Magic - Words used in A Course in Miracles


Magic is the ego's attempt at proving its connection with spirit; and to explain, and thereby control, miracles. A Course in Miracles responds that you, having been created whole and complete, have no need for what magic offers.
The ego's ceaseless attempts to gain the spirit's acknowledgment and thus establish its own existence are useless. Spirit in its knowledge is unaware of the ego. It does not attack it; it merely cannot conceive of it at all. While the ego is equally unaware of spirit, it does perceive itself as being rejected by something greater than itself. T-4.II.8:5-8.
All magic is an attempt at reconciling the irreconcilable. All religion is the recognition that the irreconcilable cannot be reconciled. T-10.IV.1:1,2.

Miracles bear witness to truth. They are convincing because they arise from conviction. Without conviction they deteriorate into magic, which is mindless and therefore destructive; or rather, the uncreative use of mind. T-1.I.14. (Principles of Miracles)
The avoidance of magic is the avoidance of temptation. For all temptation is nothing more than the attempt to substitute another will for God's. These attempts may indeed seem frightening, but they are merely pathetic. They can have no effects; neither good nor bad, neither rewarding nor demanding sacrifice, healing nor destructive, quieting nor fearful. When all magic is recognized as merely nothing, the teacher of God has reached the most advanced state. … For magic of any kind, in all its forms, simply does nothing. Its powerlessness is the reason it can be so easily escaped. What has no effects can hardly terrify. M-16.91-5,7-9.
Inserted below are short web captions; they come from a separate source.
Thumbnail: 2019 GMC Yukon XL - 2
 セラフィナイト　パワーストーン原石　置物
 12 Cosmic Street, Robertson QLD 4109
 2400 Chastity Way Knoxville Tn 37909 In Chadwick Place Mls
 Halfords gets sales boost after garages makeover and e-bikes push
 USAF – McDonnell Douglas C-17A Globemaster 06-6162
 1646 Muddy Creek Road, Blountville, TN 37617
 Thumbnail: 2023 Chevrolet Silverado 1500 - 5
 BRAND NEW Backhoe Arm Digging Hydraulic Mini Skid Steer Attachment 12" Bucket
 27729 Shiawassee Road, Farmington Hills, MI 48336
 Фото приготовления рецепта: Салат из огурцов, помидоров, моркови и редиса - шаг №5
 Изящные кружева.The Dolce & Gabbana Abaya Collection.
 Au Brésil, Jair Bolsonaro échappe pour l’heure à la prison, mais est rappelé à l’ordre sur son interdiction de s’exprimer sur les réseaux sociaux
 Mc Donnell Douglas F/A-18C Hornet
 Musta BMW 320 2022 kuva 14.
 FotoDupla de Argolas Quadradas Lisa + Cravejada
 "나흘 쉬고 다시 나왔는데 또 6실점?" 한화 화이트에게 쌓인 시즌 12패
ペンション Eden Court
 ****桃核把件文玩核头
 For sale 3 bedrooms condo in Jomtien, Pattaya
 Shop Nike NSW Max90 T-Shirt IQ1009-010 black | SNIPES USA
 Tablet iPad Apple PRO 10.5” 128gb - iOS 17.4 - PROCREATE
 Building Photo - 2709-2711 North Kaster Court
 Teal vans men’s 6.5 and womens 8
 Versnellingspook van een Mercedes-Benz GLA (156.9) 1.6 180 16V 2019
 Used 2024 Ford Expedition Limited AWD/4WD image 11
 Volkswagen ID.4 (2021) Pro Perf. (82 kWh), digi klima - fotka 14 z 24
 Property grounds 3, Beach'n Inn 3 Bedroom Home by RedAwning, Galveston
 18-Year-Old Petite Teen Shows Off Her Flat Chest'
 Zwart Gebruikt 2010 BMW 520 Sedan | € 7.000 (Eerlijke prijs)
This is from a question in the Manual For Teachers - HOW DO GOD'S TEACHERS DEAL WITH MAGIC THOUGHTS?:
How to deal with magic thus becomes a major lesson for the teacher of God to master. His first responsibility in this is not to attack it. If a magic thought arouses anger in any form, God's teacher can be sure that he is strengthening his own belief in sin and has condemned himself. ...… Anger in response to perceived magic thoughts is a basic cause of fear. ... A magic thought, by its mere presence, acknowledges a separation from God M-17.1:4-6/5:1,3.